Sterling’s fragility remains following an increased bout of risk aversion as there has been an escalation in the sanction on Russia following the latest atrocities. The UK PMI construction index was unchanged at a 9-month high. Cost pressures remained intense with input price costs increasing at the fastest rate for six months. Overall business optimism dipped to a 17-month low, matching the decline seen in both the manufacturing and services sectors.
The recent downgrades in confidence and forward-looking data will be a concern for the Bank of England (BoE) as this will add another layer of complexity to the bank’s ability to raise interest rates.
It is a quiet day in terms of economic data, but Sterling will continue to be driven by risk trends.
US Dollar Continues to Climb on Hawkish Minutes Report
The Dollar continued its recent climb on Wednesday following the release of the Fed’s Minutes report from the March meeting, reminding investors of the aggressive stance recently adopted by the Central bank. The report revealed that central bank Policymakers are determined to move the monetary policy to neutral expeditiously and that a move to a tighter policy could be warranted. The report also revealed that several officials would have preferred a 50-basis point hike at the March meeting, rather than the confirmed 25-basis point lift. Elsewhere on Wednesday, the Dollar continued to gain support as Philadelphia Fed President and Federal Open Market Committee (FOMC) member, Patrick Harker, commented that he would support methodically raising interest rates back to neutral, at around 2.5%. He also said that he doesn’t see high inflation going away any time soon and that high energy prices will be here for some time.
Markets will hear from several Fed officials on Thursday for further clues over the Fed’s timings of policy tightening and particularly for further clues over a 50-basis point hike in May.
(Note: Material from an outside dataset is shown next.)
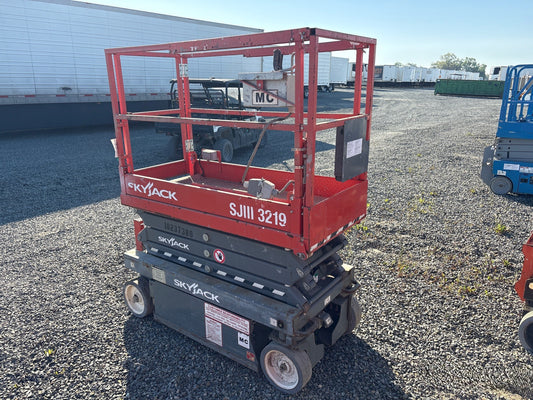 2013 Elevador Tipo Plataforma de Tijera SKYJACK SJIII 3219 #04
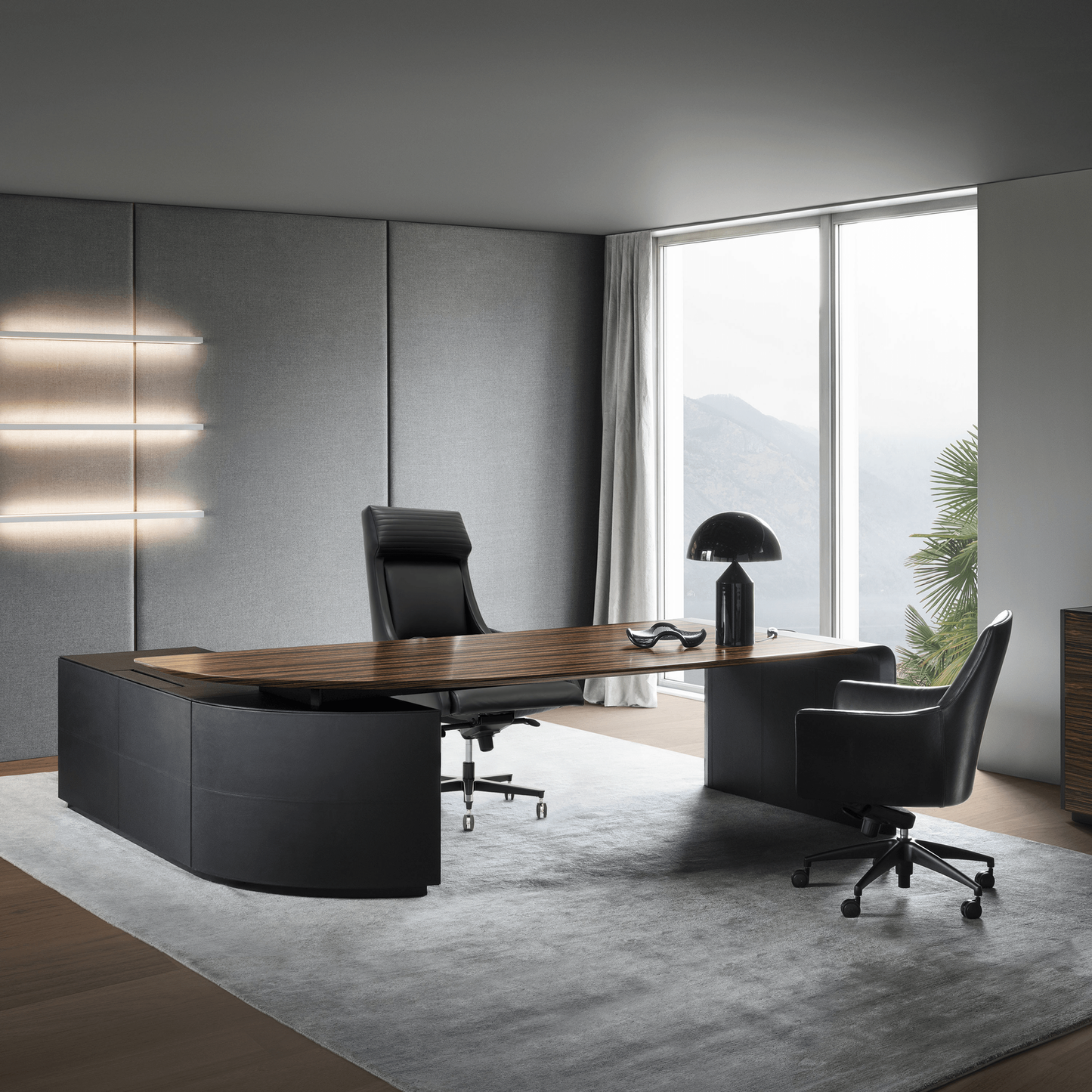 Ibis Executive Arm Chair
Elsewhere, weekly initial jobless claims data is set for release.
Euro Subdued on Dovish Comments
The Euro remained subdued during Wednesday’s trading and continued to test a fresh two-year low against the US Dollar. European Central Bank (ECB) Chief Economist Philip Lane commented that it is important not to overreact to the recent surge in inflation, triggered by supply chain issues and higher energy prices. He added that policymakers cannot respond to the current high inflation rates as its orientation is towards the medium-term and that officials will do whatever it takes to meet the central bank’s 2.0% inflation target.
Looking ahead to today, the focus will centre on the ECB meeting minutes. Money markets are currently pricing in a 55-basis point tightening of ECB tightening by year-end. On the economic calendar today, investors will review the release of the latest release of EU Retail Sales data.